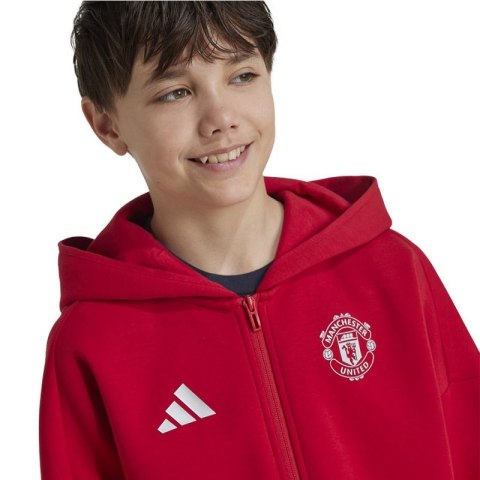 Bluza adidas Manchester United Anthem Jacket Jr IT4188 Bluza adidas Manchester United Anthem Jacket Jr IT4188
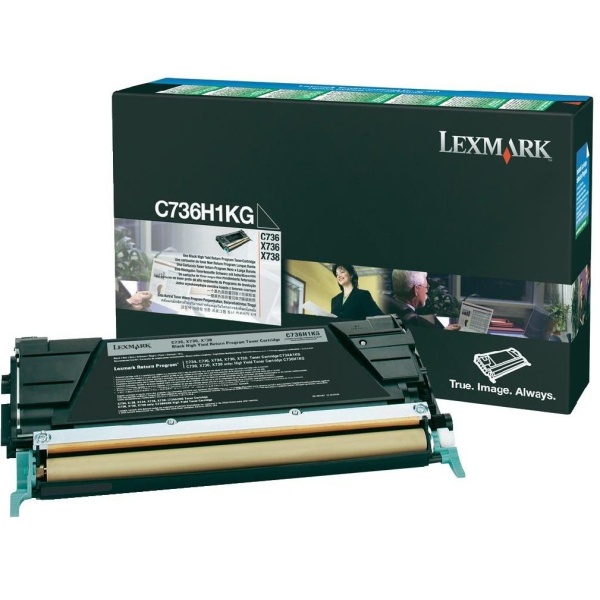 Toner Lexmark C736H1KG nero - 130838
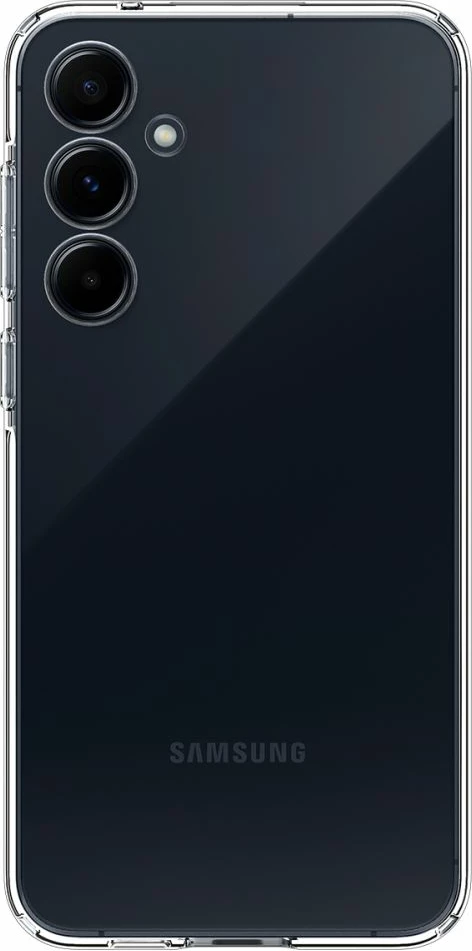 Mbështjellës Spigen Liquid Crystal për Samsung Galaxy A55 5G, TPU i hollë, përthithje goditjesh, përshtatje precize, transparent, 1x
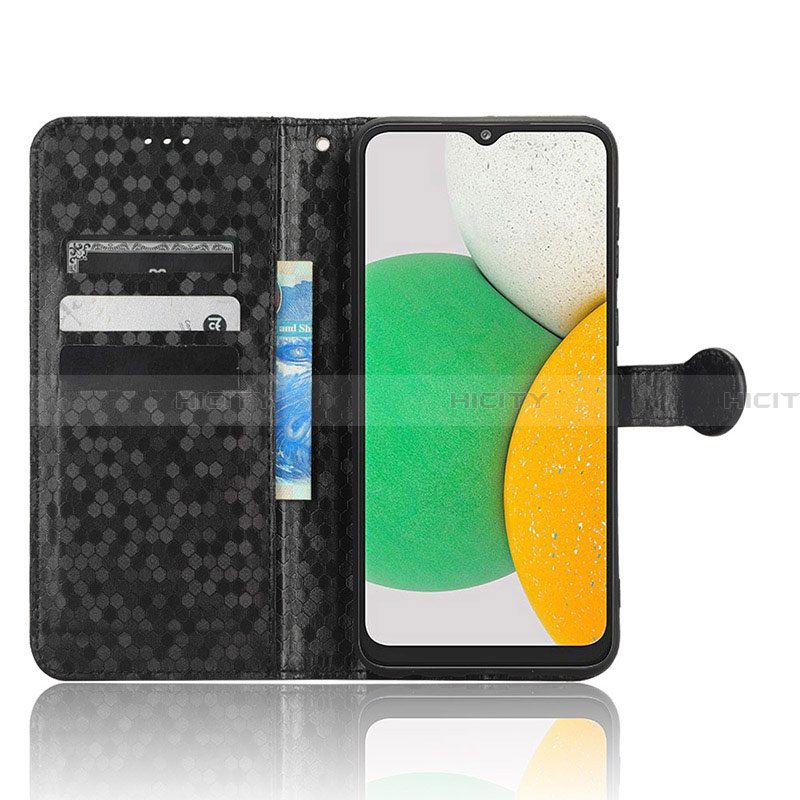 Handytasche Stand Schutzhülle Flip Leder Hülle C01X für Samsung Galaxy A03 Core groß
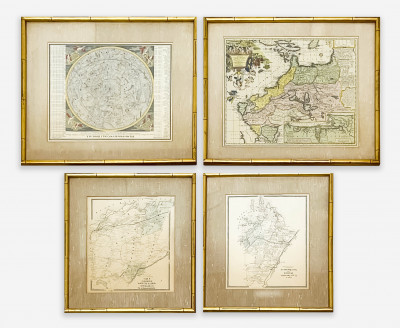 Image for Lot Group of 4 Maps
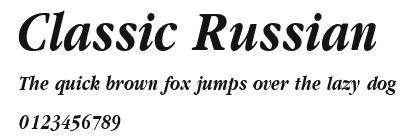 Classic Russian.ttf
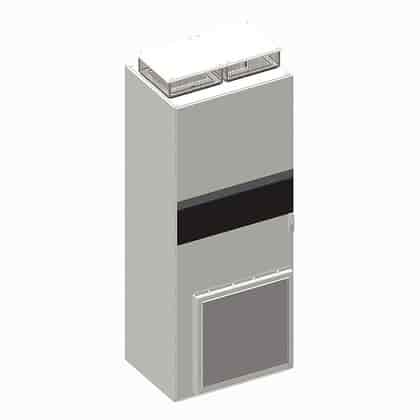 Air Cooled 755 AC Packaged Drive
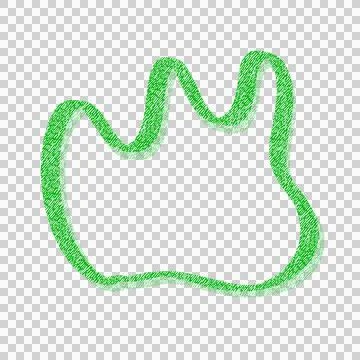 Abstract Line Blob Stock Photos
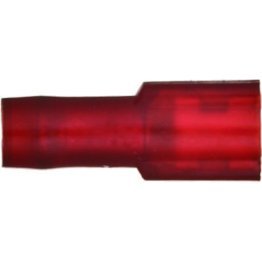 Female Quick Slide-3/16 Tab Width Fully-Insulated Nylon 22-18 AWG (25 per pack)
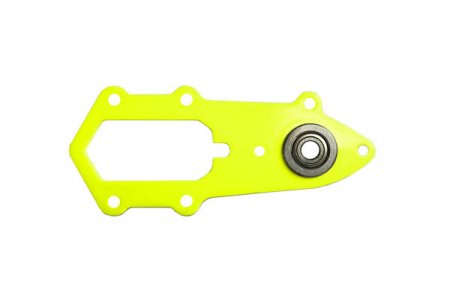 MIKADO (04771) Frame for tailrotor case neon yellow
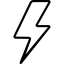 Energy Lightning Symbol 64x64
·····
What the task requires:
Without including any image, reproduce the full listing above as written.

Response below:
 Bluza adidas Manchester United Anthem Jacket Jr IT4188 Bluza adidas Manchester United Anthem Jacket Jr IT4188
 Toner Lexmark C736H1KG nero - 130838
 Mbështjellës Spigen Liquid Crystal për Samsung Galaxy A55 5G, TPU i hollë, përthithje goditjesh, përshtatje precize, transparent, 1x
 Handytasche Stand Schutzhülle Flip Leder Hülle C01X für Samsung Galaxy A03 Core groß
 Image for Lot Group of 4 Maps
 Classic Russian.ttf
 Air Cooled 755 AC Packaged Drive
 Abstract Line Blob Stock Photos
 Female Quick Slide-3/16 Tab Width Fully-Insulated Nylon 22-18 AWG (25 per pack)
 MIKADO (04771) Frame for tailrotor case neon yellow
 Energy Lightning Symbol 64x64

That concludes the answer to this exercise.